**About this task**
Lines from the one containing "いすゞフォワードアルミウイング中型（4t）[写真06]" to the end of the records, both ends included and exactly as written, are the whole answer, and no pictures go in it.

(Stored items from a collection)

• • • •

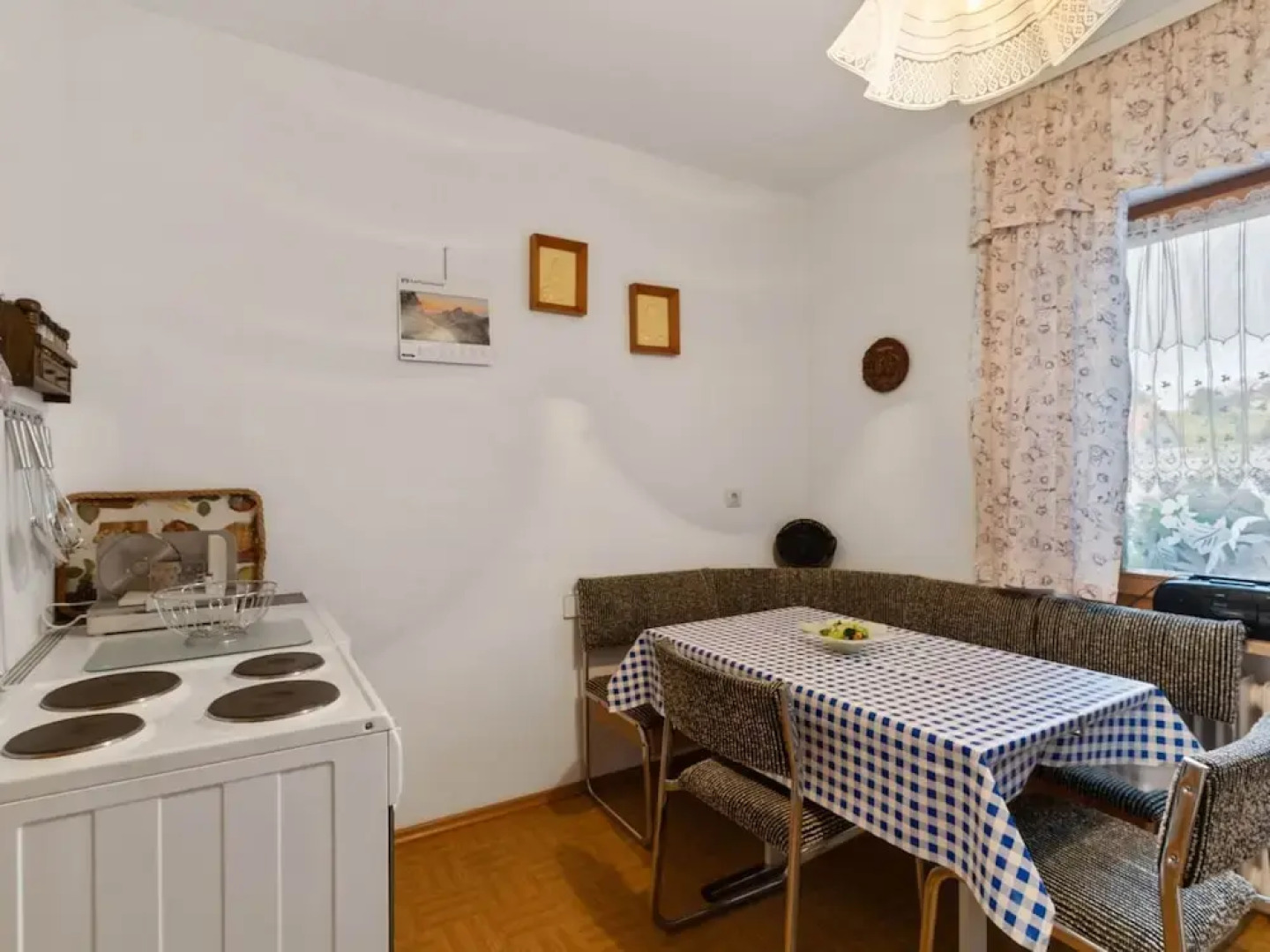 Cozy Apartment in Sonnen Bavaria near Forest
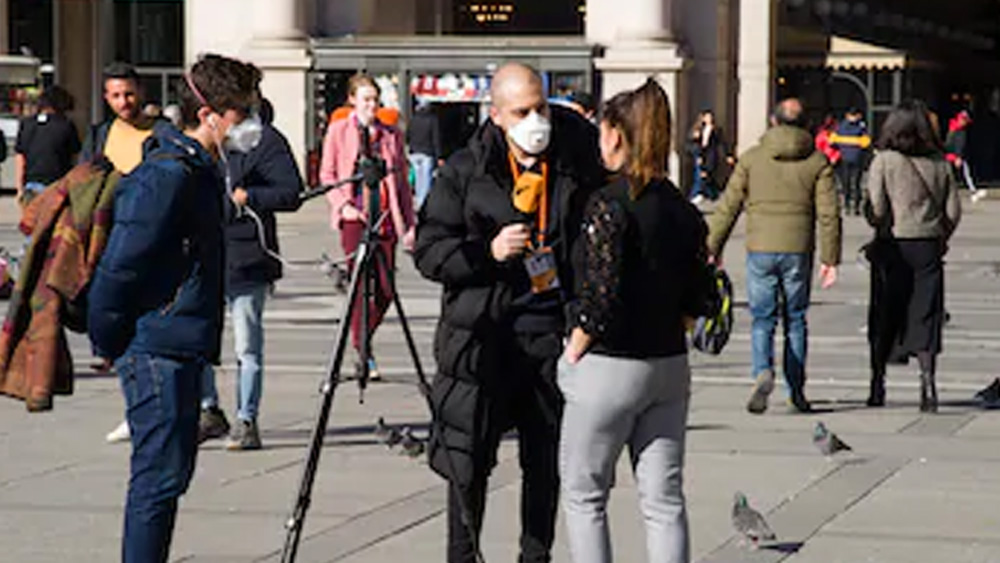 অ্যাসাইনমেন্ট করছেন যাঁরা, তাঁরা অফিসের ঘেরাটোপেও মাস্ক পরতে পারেন। নয়তো আপনাদের থেকে সহকর্মীরা সংক্রামিত হতে পারেন।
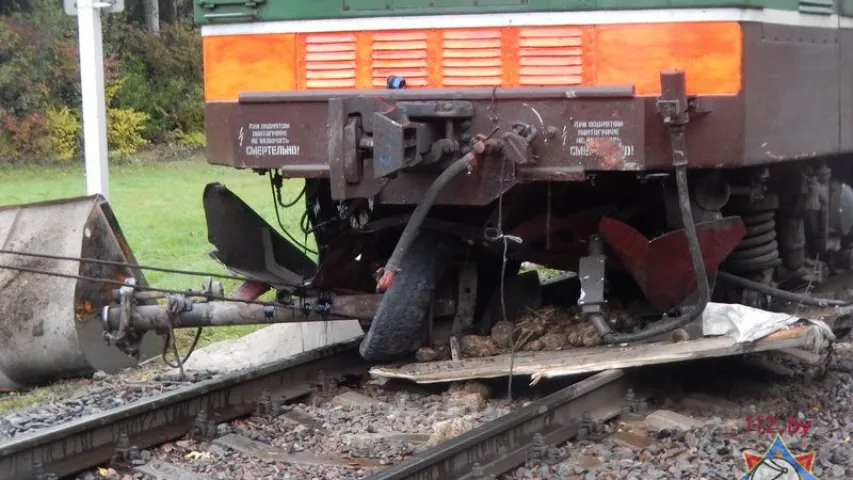 Кіроўца грузавіка з буракамі, які трапіў пад цягнік, ехаў на чырвонае святло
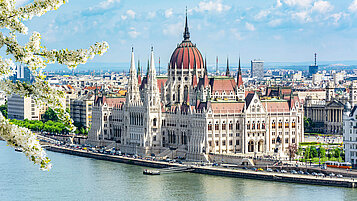 Die Kathedrale am Fluss einer Stadt in Ungarn.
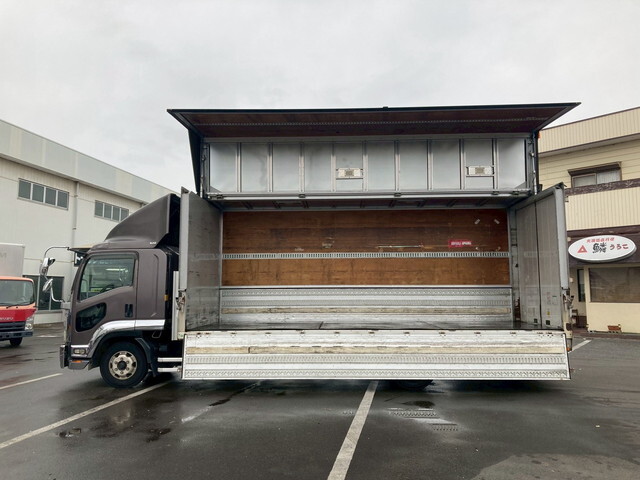 いすゞフォワードアルミウイング中型（4t）[写真06]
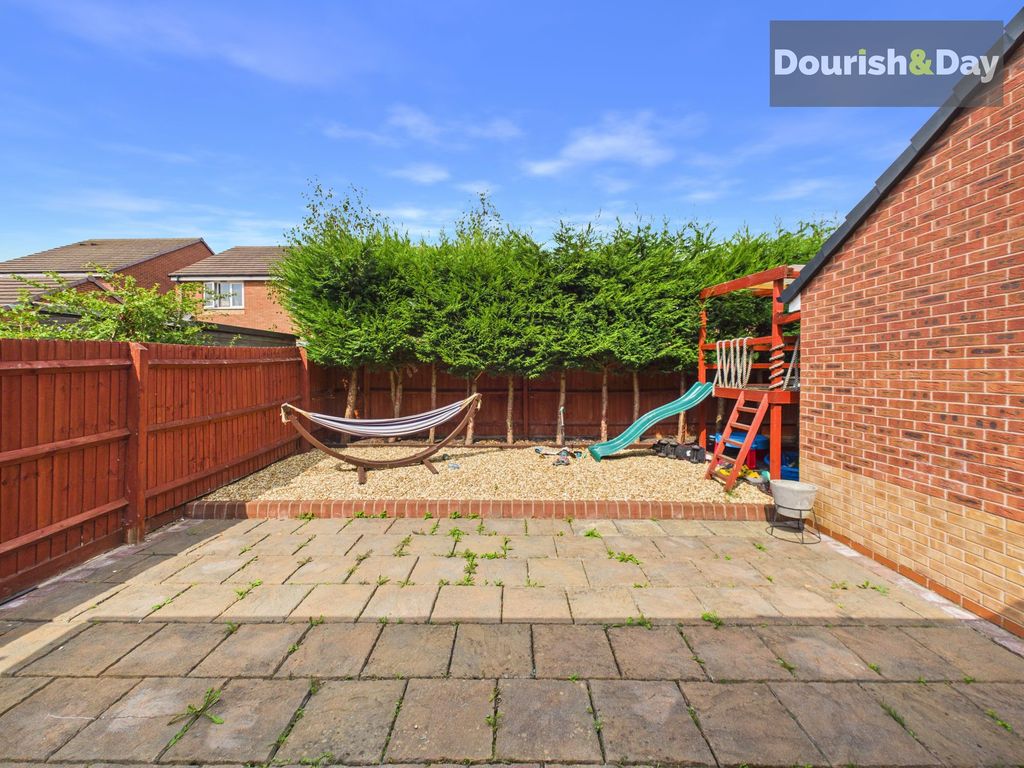 Property photo 3 of 19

• • • •

**Result of the task**
 いすゞフォワードアルミウイング中型（4t）[写真06]
 Property photo 3 of 19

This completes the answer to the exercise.